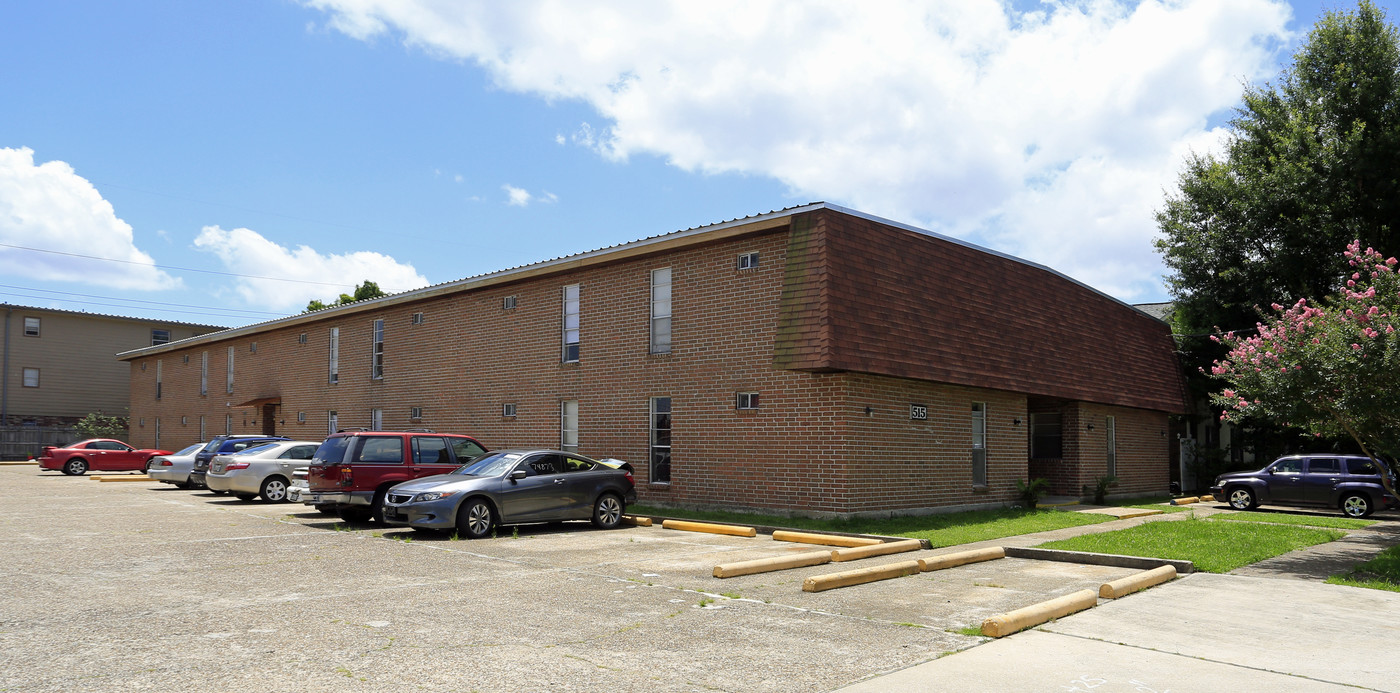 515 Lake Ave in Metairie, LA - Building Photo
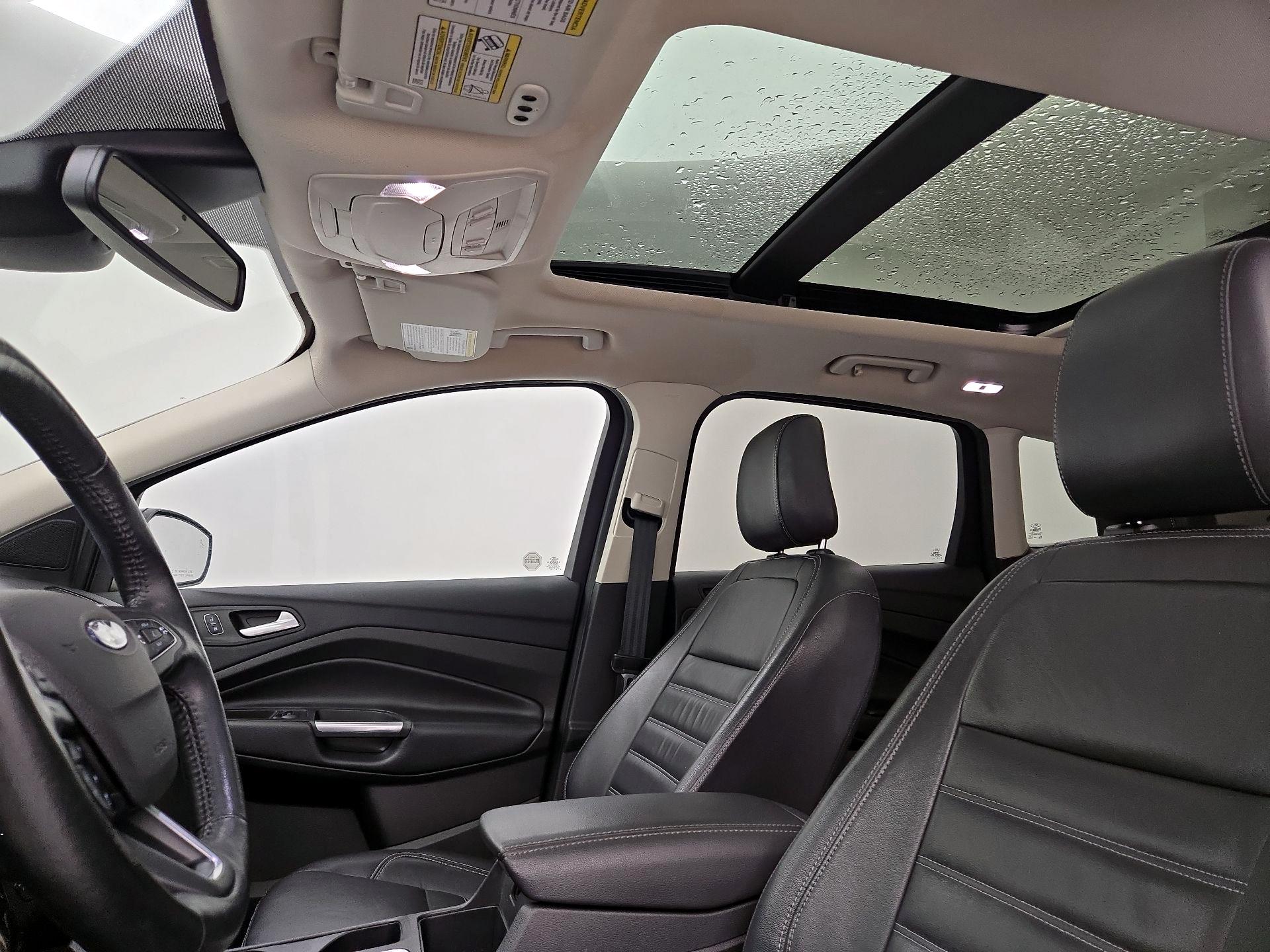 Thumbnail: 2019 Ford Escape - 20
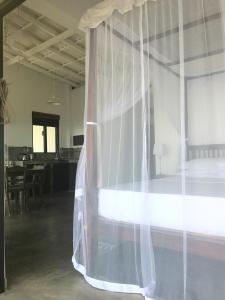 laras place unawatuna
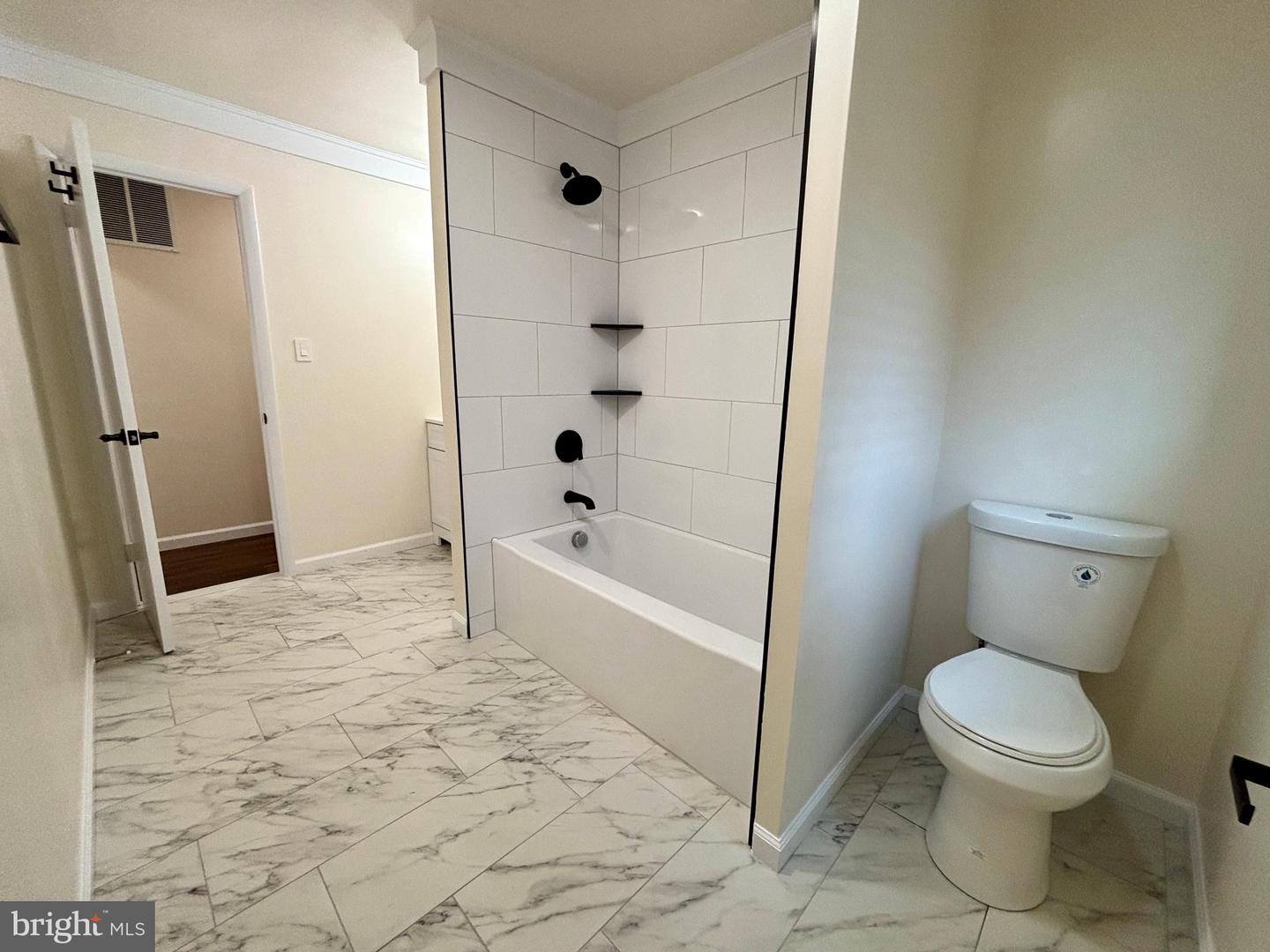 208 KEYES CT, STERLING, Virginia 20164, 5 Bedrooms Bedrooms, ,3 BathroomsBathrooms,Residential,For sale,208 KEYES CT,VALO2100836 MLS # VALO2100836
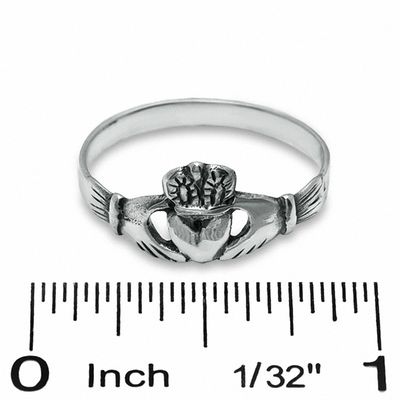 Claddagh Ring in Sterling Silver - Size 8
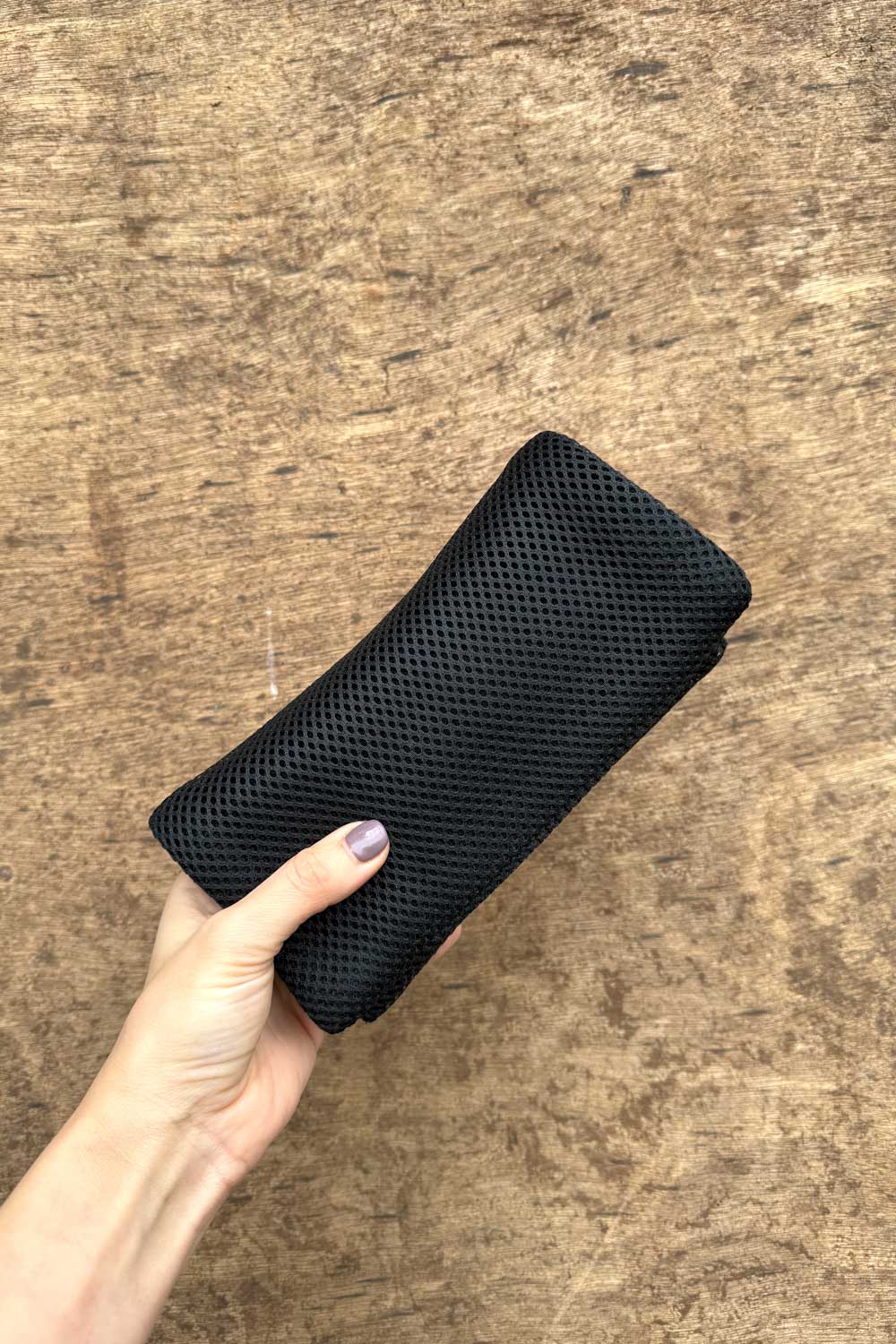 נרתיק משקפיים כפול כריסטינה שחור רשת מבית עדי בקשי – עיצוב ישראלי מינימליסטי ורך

· · · · ·

WORK REQUEST.
Omit every picture, then reproduce the rest of the listing exactly.

FINISHED EXERCISE.
 515 Lake Ave in Metairie, LA - Building Photo
 Thumbnail: 2019 Ford Escape - 20
 laras place unawatuna
 208 KEYES CT, STERLING, Virginia 20164, 5 Bedrooms Bedrooms, ,3 BathroomsBathrooms,Residential,For sale,208 KEYES CT,VALO2100836 MLS # VALO2100836
 Claddagh Ring in Sterling Silver - Size 8
 נרתיק משקפיים כפול כריסטינה שחור רשת מבית עדי בקשי – עיצוב ישראלי מינימליסטי ורך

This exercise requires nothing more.